Na comarca de Icatu (MA), por exemplo, a juíza Nivana Pereira Guimarães teve rendimentos superiores ao teto em oito ocasiões ao longo do ano, chegando a R$ 107 mil apenas em dezembro. No total, ela recebeu R$ 634 mil em 2024 — cifra superior a todo o orçamento da Secretaria Municipal de Meio Ambiente (R$ 424 mil) e do setor de saneamento (R$ 332 mil) da cidade, que figura entre as 20 mais pobres do país, segundo o IBGE.
Situação semelhante foi registrada em Alcântara (MA), onde o juiz Rodrigo Otávio Terças Santos recebeu cinco vezes acima do teto constitucional, atingindo R$ 111 mil em um único mês. Ao longo do ano, o magistrado acumulou R$ 585 mil em remuneração, valor superior ao orçamento municipal destinado à agricultura (R$ 519 mil) e à habitação (R$ 151 mil). Em nota, o juiz afirmou que os valores referem-se a férias indenizadas e a funções adicionais que exerce no Tribunal de Justiça do Maranhão.
O Maranhão concentra nove dos 11 juízes com supersalários detectados pela auditoria e abriga 34 dos 50 municípios mais pobres do país. No Amazonas, onde duas dessas cidades estão localizadas, também houve casos de vencimentos elevados. Em Santa Isabel do Rio Negro, o juiz Manoel Átila Araripe Autran Nunes recebeu quatro salários acima do teto, somando R$ 512 mil em 2024. Em contraste, o orçamento local para assistência à mulher foi de apenas R$ 112 mil.
Segundo os dados do CNJ, os valores que extrapolam o teto — cerca de R$ 637 mil no total — foram pagos principalmente sob a justificativa de serem verbas indenizatórias. Em nota, a Associação dos Magistrados do Maranhão (Amma) afirmou que todos os valores estão dentro da legalidade e seguem diretrizes autorizadas pelo CNJ. Já os Tribunais de Justiça do Maranhão e do Amazonas, além da Associação dos Magistrados do Amazonas, não se manifestaram até a publicação da matéria.

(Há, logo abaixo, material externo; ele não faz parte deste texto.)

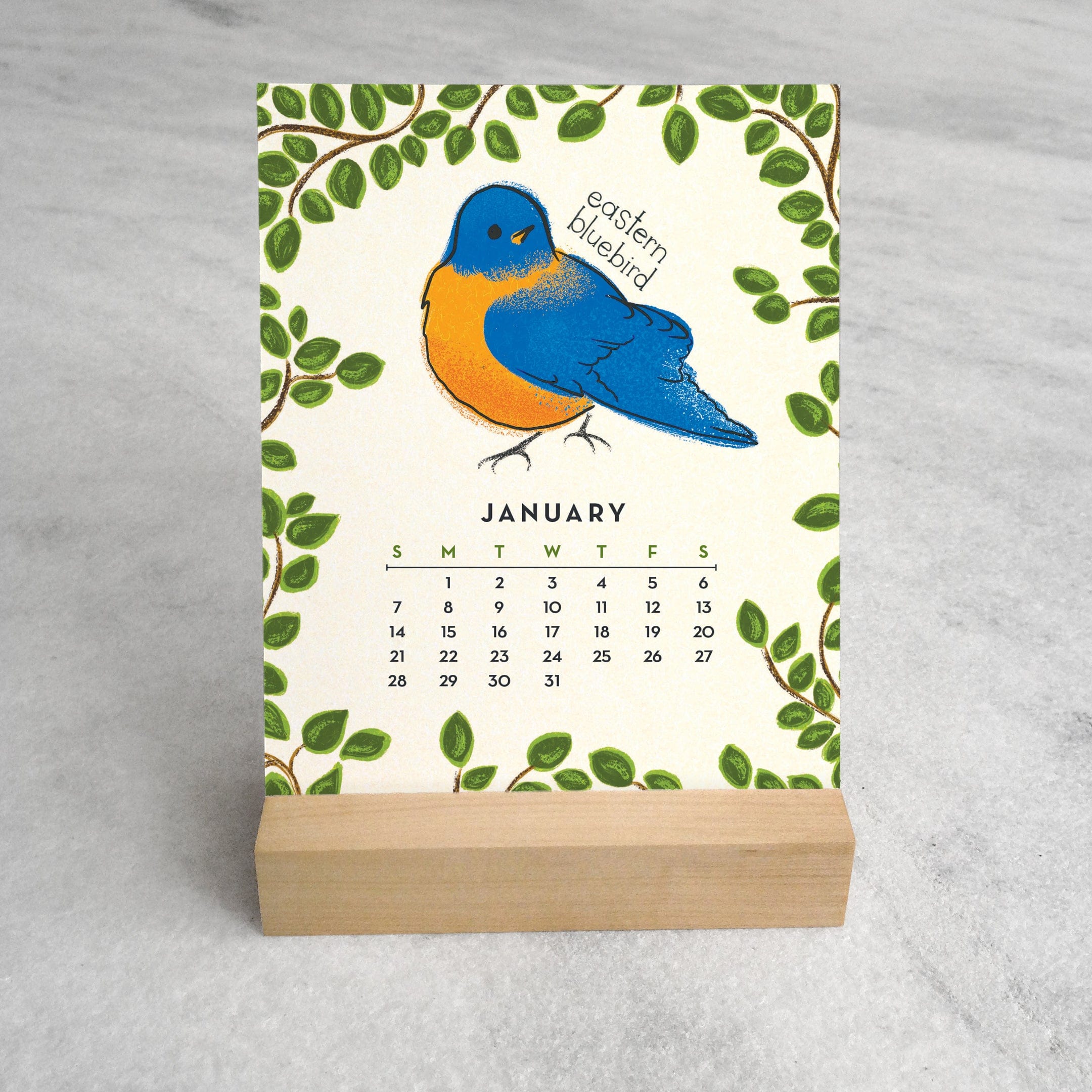 🐦FEATHERED FRIENDS 2024 DESK CALENDAR📅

Para especialistas, no entanto, a prática desequilibra orçamentos estaduais e compromete investimentos em áreas essenciais como saúde, educação e infraestrutura, especialmente nas regiões mais vulneráveis. Renata Vilhena, presidente do conselho do Instituto República.org, argumenta que os recursos pagos em supersalários poderiam ser usados para suprir déficits graves nos serviços públicos. “O Estado entrega valores exorbitantes a poucos enquanto municípios continuam sem verba suficiente para atender à população”, afirma.
A desigualdade também é evidenciada por comparações com programas federais. Segundo estimativa do movimento Pessoas à Frente, os R$ 11,1 bilhões gastos com supersalários em 2023 seriam suficientes para manter 1,36 milhão de famílias no Bolsa Família por um ano, construir 4.582 unidades básicas de saúde ou financiar bolsas do programa Pé-de-Meia para 3,9 milhões de estudantes.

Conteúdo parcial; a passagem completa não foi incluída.